Miss Griffin was walking in the immediate company of one of her companions, a young man. On reaching the steps to the look-out, he suggested that they go down there, but the young woman' declined; and he passed beyond the steps. Within a few seconds he turned and saw Miss Griffin starting to walk down the steps. As she did, she went forward with a continuous motion, increased her pace, and at the bottom was moving quite rapidly. She did not slip, nor stumble, nor stagger, nor turn her ankle, nor make any outcry. She gave no sign of an involuntary act, and uttered no involuntary sound. She descended naturally ¿face for*246ward, and in an upright posture. When she reached the balcony she stepped on the wall, first with one foot and then with the other, and hesitated momentarily. She then turned her body in some degree, and put out her arms as though trying to save herself, and fell to the gorge below. She went down the steps, and up on the wall, without giving evidence of any accident, and in silence.

The foregoing is the testimony in the case, given by friendly witnesses, the young man who was at her side, and another relative who was a few paces away. It is upon this evidence that the claimant seeks to hold the State responsible for the injury and death of the deceased.

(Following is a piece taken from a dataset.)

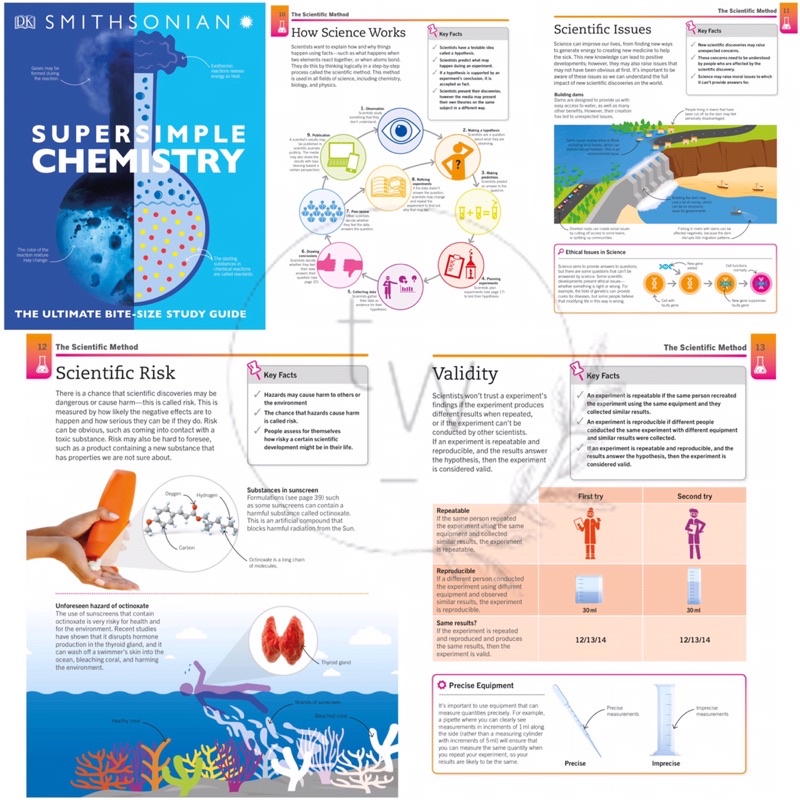 Smithsonian Supersimple / Super Simple Maths Biology Chemistry Physics - Buku Biologi Kimia Fisika-3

From the undisputed evidence it is clear that the mountain path followed by this group, from their entrance into the park until the time of the accident, was a more or less treacherous place to walk at best. That was the nature of the place, little improved and quite unspoiled, as was well known to all of them. It was this characteristic that made the park attractive, that furnished the desired reaction, possibly the thrill — a mild form of mountain climbing. The steps down to the balcony were off and apart from the main path. It was not necessary to go upon them; their appearance, their location, and the place to which they led made it manifest that only the venturesome would essay their course. And all of the evidence on the question puts it beyond doubt that the steps, the balcony, the low wall at its edge, and the precipitous gorge over which they hung, were not only open to the most casual view, but challenged inescapably the attention of one standing on the main path, and before making the descent. It is but a reasonable inference, if the evidence on the point be not direct, that these persons entered the park as sightseers, to look, and to enjoy the views; and it was from the path above the steps in question that the beauties, as well as the dangers of nature, were wholly unobscured. And whether one should court the added danger or incur the added risk of injury by leaving the main path for the steps and the balcony, was clearly one of personal choice. There was no risk that was not perfectly evident, there was no hidden danger. From all the evidence in the case, it is beyond dispute that both were assumed with full knowledge of all the facts and circumstances.

The Court of Claims dismissed the claim on the grounds that the deceased was negligent, and the State was not. And the appellant contends that the court below resolved both of these questions against the weight of the evidence. It may be that the problem here will clear without enlargement upon the rule of negligence, if due consideration be given to the doctrine of assumption of risk.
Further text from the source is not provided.